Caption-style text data
--
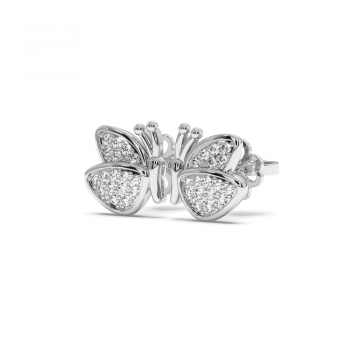 0.20 ct Diamond Earrings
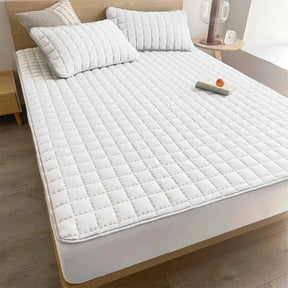 (COMPRE 1 LEVE 2) Capa para Colchão 100% Impermeável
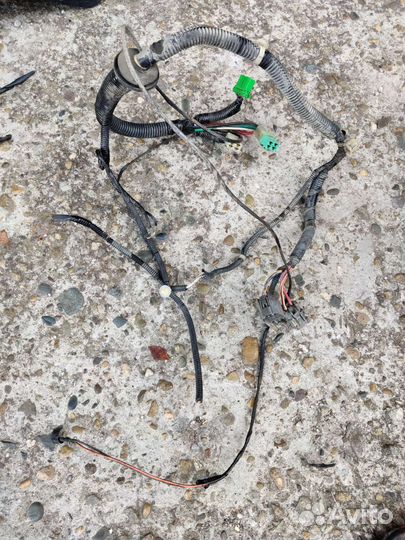 Проводка в сборе Хонда фит кузов GD3 двиг.L15A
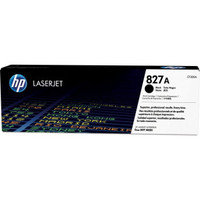 HP 827A -laservärikasetti, musta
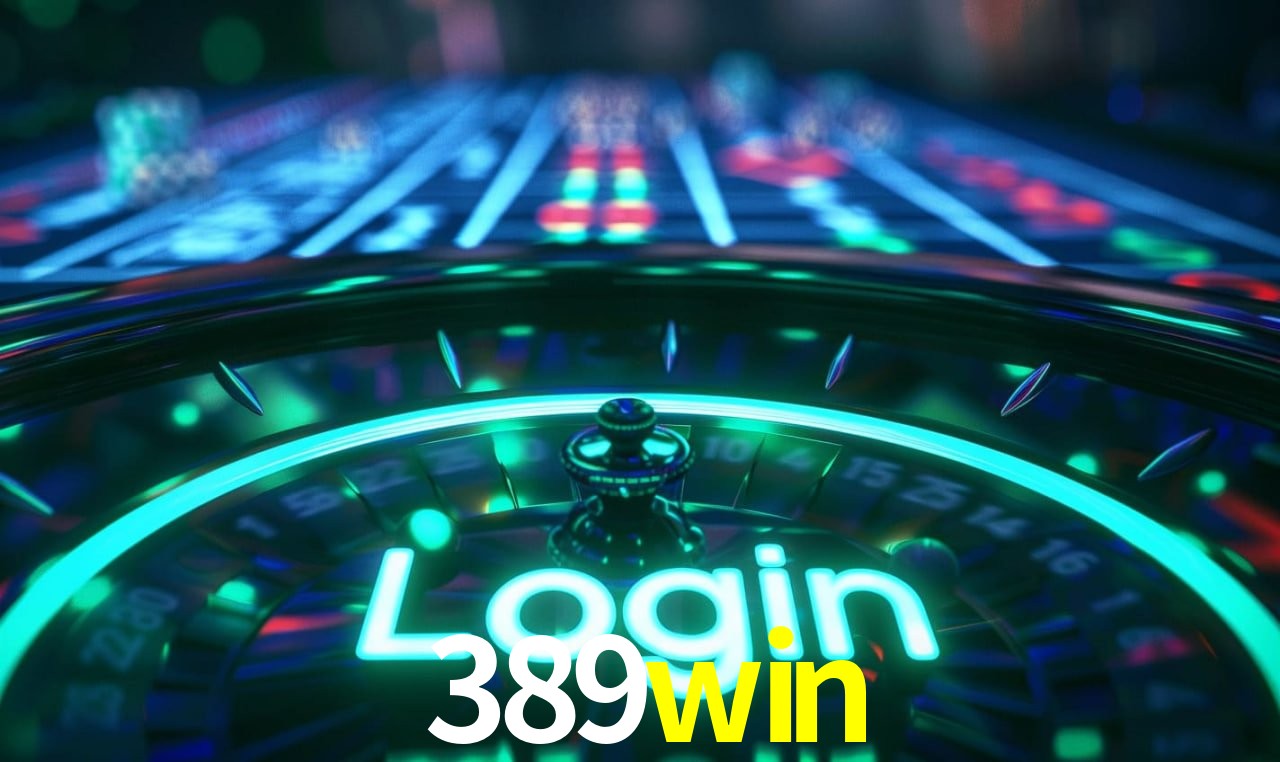 Casino Ao Vivo 389win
--
About this exercise: Write out every line of the entries above exactly, and omit their pictures.

Answer to this task:
 0.20 ct Diamond Earrings
 (COMPRE 1 LEVE 2) Capa para Colchão 100% Impermeável
 Проводка в сборе Хонда фит кузов GD3 двиг.L15A
 HP 827A -laservärikasetti, musta
 Casino Ao Vivo 389win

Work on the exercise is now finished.